El problema es que tener la capacidad de abrir todos los telediarios no supone solamente un enorme privilegio, sino también una importante responsabilidad. Porque el nuevo estatus del PSOE como partido en el gobierno no supone tanto un escaparate como un altavoz de enorme influencia en el debate público. No debería ser una idea extraña para una organización que ha estado años denunciando la falta de ejemplaridad de Mariano Rajoy.

Por esto son tan decepcionantes las palabras de la ministra Batet, quien ha dicho que es urgente y deseable reformar la Constitución, y ha indicado que el nuevo Gobierno se plantea recuperar las disposiciones del Estatuto catalán anuladas en 2010. Es fácil quitar relevancia a estas declaraciones: al fin y al cabo, con 85 escaños y con los interlocutores independentistas echados aún al monte, lo más probable es que ambas propuestas se queden en nada. Y, sin embargo, el nuevo gobierno ya fracasa al desperdiciar una oportunidad de colocar el debate sobre un tema tan importante sobre unas bases sensatas y honestas.

En vez de suscribir implícitamente la tesis nacionalista de que el recorte del Estatuto fue una provocación injustificada, el nuevo gobierno podría haber explicado por qué se recortaron aquellas disposiciones. Exponer por qué el Constitucional consideró que no se podía crear un poder judicial independiente en una región del país, o por qué le pareció discriminatorio calificar el catalán como “lengua preferente” en detrimento del castellano. Es decir, ir al fondo del asunto para que los ciudadanos puedan debatir sobre él, en vez de quedarse en la superficie que tanto conviene al victimismo nacionalista.
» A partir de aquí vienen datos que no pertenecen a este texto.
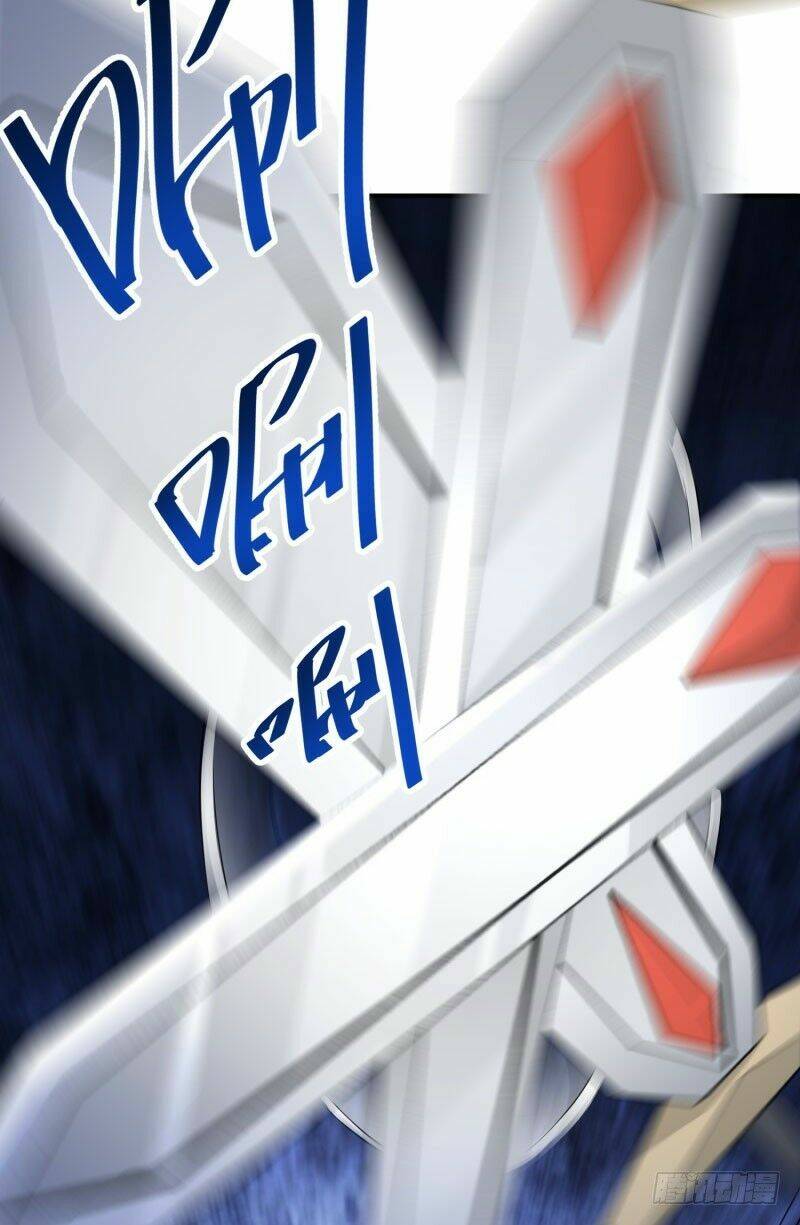 Ta Nhặt Được Thuộc Tính Tại Tu Chân Giới - Chapter 12 - Page 36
Igualmente, el nuevo Gobierno podría explicar exactamente qué artículos de la Constitución considera que nos han llevado a la presente crisis institucional, y cuánto pesan en comparación con otros factores. Explicar, por ejemplo, por qué el problema de nuestro modelo sería el marco del 78 y no el comportamiento de las élites políticas que lo han venido gestionado. No quedarse en los artículos que convendría modificar, sino plantearse si hay uno solo que obligase a Pujol a robar a manos llenas y potenciar el marco nacionalista mientras PSOE y PP aplaudían su sentido de Estado. Plantear a los ciudadanos, en fin, cuál de los factores que han desembocado en esta crisis urge más corregir.

En la confección de su Gobierno, Pedro Sánchez captó perfectamente el ánimo de una sociedad en la que Ciudadanos lideraba todas las encuestas. Haría bien en comprender también que esa sociedad valora en Cs la negativa a aceptar la mercancía averiada y los tabúes interesados que han venido marcando buena parte de nuestro debate público. De lo contrario, Pedro Sánchez se encontrará pronto regentando un fantástico escaparate sin un solo cliente.